This gen of asic might run longer than the last two? People seem to be building out their farms for the 12.5 btc era right now. Some of the older gear will turn off for the halving but it will be outpaced by new gear coming on. Ramping the difficulty all at once has a habit of deterring competition (especially from the small guys), which means greater profitability during the lifetime of the hardware (optimistically 3 years).
Expect more of this stuff:
https://megabigpower.com/indexProvide financing to fill out a current warehouse, or if you have a space, they'll provide and install the hardware, you split revenue 50:50.
Short term things are fine, long term's a little more dicey. I see 4 major options.
1. Block size and number of tx raises, continuing the low cost value transfer attribute of today. Miners chose appropriate block sizes to maximize profit along their demand and supply curves.
2. Relatively the same amount of hodlers as exist today are fine with $3-7 fees per tx. Former payment users are (partially?) replaced by digital-goldbugs. Bitcoin stays around the same size in terms of market cap, maybe grow some or shrink some, nothing fatal.
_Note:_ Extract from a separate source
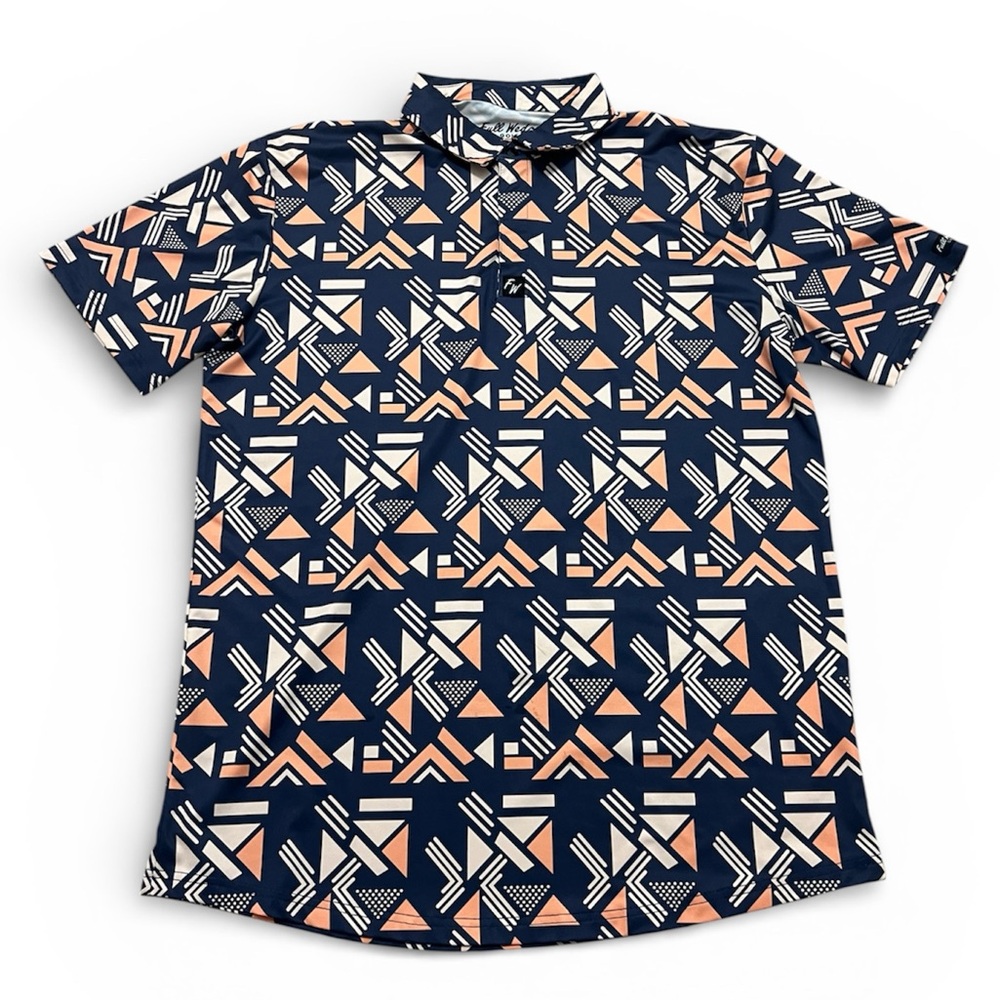 Full Wedge Golf Polo Mens Size Large Colorful Print Performance Stretch Flex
3. Payment channels emerge from vapor stage, the added complexity and need of opening channels by locking up some btc isn't an impediment to network growth... Large fees are paid when these scripted arrangements are settled to the blockchain. Although LN is open source and free... Blockstream is added to the s&p 500 somehow.
4. (3.) doesn't really work. Former users of btc migrate to competing options, some hodlers tuck away the private keys and hope for the best, some muck (or have mucked) their hands and move(d) on.